Seeger is best known for songs he has written or helped to write including “Where Have All The Flowers Gone,” “Turn, Turn, Turn,” and “If I Had A Hammer.” Songs he adapted and introduced such as “Guantanamera” and “We Shall Overcome” are now known worldwide.

In his 60 years of singing in schools, camps, and colleges, for unions, peace rallies and civil rights marches, he has sung a wide range of old songs, getting him a reputation as a “folksinger,” a label he says he doesn’t like today. “People forget there’s as many different kinds of folk songs as there are different kinds of folks. Blues and gospel music are basically African-American folk songs. There’s 4,000 spoken languages in the world, and probably several times that many different kinds of folk songs.”

Seeger considers that his most important musical job has been introducing songs of people he knew in his youth, such as Huddie Ledbetter (“Goodnight Irene” and “Rock Island Line”), Woody Guthrie “This Land is Your Land”), and Malvina Reynolds (“Little Boxes”) to audiences around the world.

Seeger and his wife, Toshi, have lived 51 years on a mountainside 60 miles north of New York City, in a house they built themselves. They are known in the Hudson Valley for having helped start the Clearwater organization, a mainly volunteer group, which sails a 106-foot traditional sailboat on the Hudson River. It introduces tens of thousands of school children every year to problems of pollution. Today, much of the Hudson is safe to swim again, thanks partly to the Clearwater.

Grandson Tao Rodriguez grew up in Nicaragua. The pair will bring some Latin traditions to the evening such as “Solo Le Pido a Dios” (Argentina), “Monon” (Puerto Rico), and “De Colores” (originally Spain).

Seeger claims his voice is 90 percent gone. His grandson now sings the high part in “Wimoweh” (The Lion Sleeps Tonight) which Seeger introduced 52 years ago. The song was a top-40 hit when he sang it with the Weavers. “I’m mainly a song leader now, as I was for 3 1/2 years during World War II,” he says. “I’m happiest if I get a crowd singing so loud that they don’t even hear me.”

Many of Seeger’s recordings have been reissued as tapes and CD’s. The Grammy winner has also authored or co-authored books including “American Favorite Ballads,” “Carry It On” (union songs), and “Everybody Says Freedom” (civil rights songs).
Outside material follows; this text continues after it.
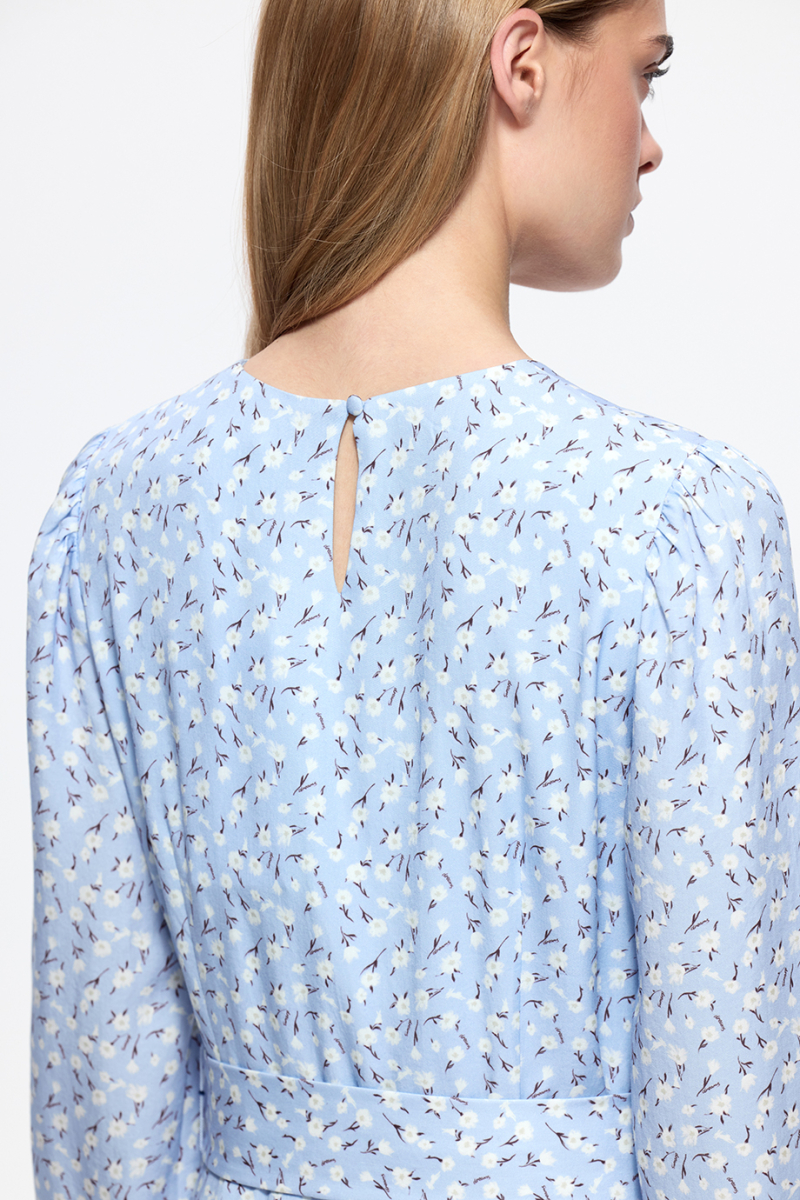 Платье текстильное женское DREAMS BY ALENA AKHMADULLINA, цвет: голубой, 126102070204560/211000 купить онлайн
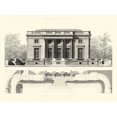 thumbnail image 2 of Obermayer, E. 18x15 White Modern Wood Framed Museum Art Print Titled - Palais Du Petit Trianon, 2 of 4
His work with Sing Out Magazine has acquainted Americans with a wide variety of songs. Seeger’s self-published “How To Play The Five String Banjo” is his long-time bestseller. “Pete Seeger’s Storytelling Book” was published this fall.

Seeger’s 1993 musical autobiography “Where Have All The Flowers Gone” contains 200 songs and melodies.

In 1994, Seeger received the N.E.A. National Medal of Arts and was a recipient of the Kennedy Center Honors. This surprised many people who know that Seeger had been sentenced to a year in jail for not cooperating with the House Committee on Un-American Activities in 1955. However, times have changed and Seeger is still singing, often for the grandchildren of those he sang for a half-century ago.